» **Task goal**
Give back, word for word, the lines in the listing below from the one holding "Campers at Pineland" down to the one holding "Gray velvet sofa", both ends included.

(Source data begins)

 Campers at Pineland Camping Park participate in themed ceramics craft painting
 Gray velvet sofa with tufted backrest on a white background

(Source data ends)
(Source data begins)

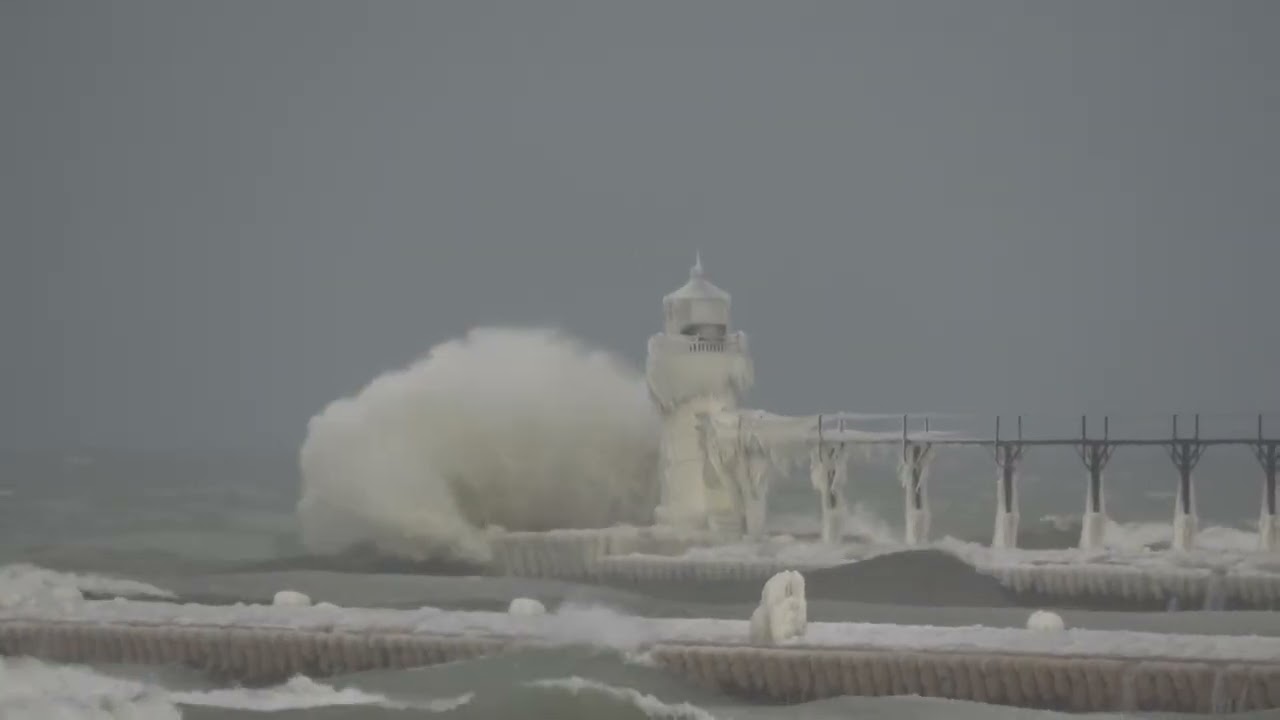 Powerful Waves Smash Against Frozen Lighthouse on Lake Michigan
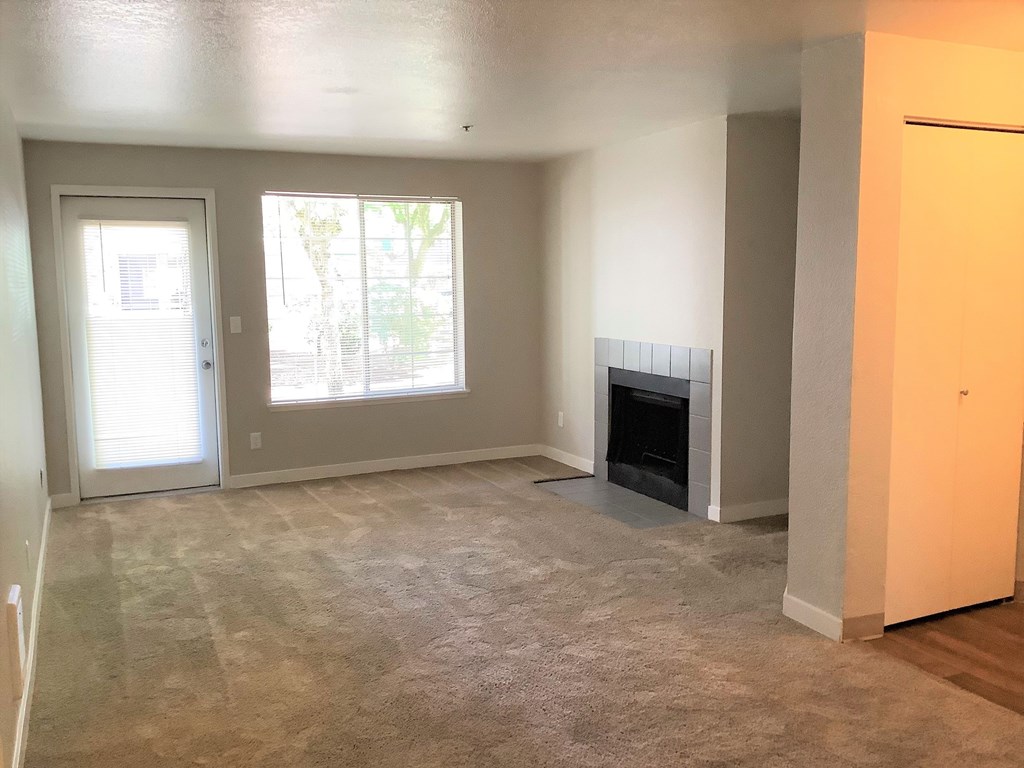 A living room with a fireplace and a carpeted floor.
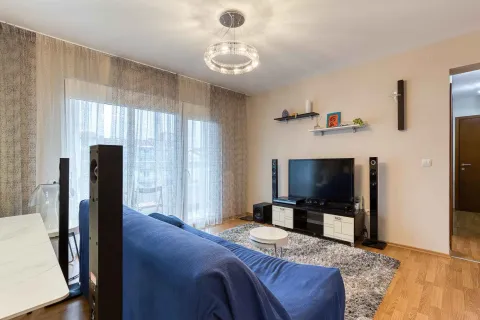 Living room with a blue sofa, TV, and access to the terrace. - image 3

(Source data ends)

» **Result below**
 Campers at Pineland Camping Park participate in themed ceramics craft painting
 Gray velvet sofa with tufted backrest on a white background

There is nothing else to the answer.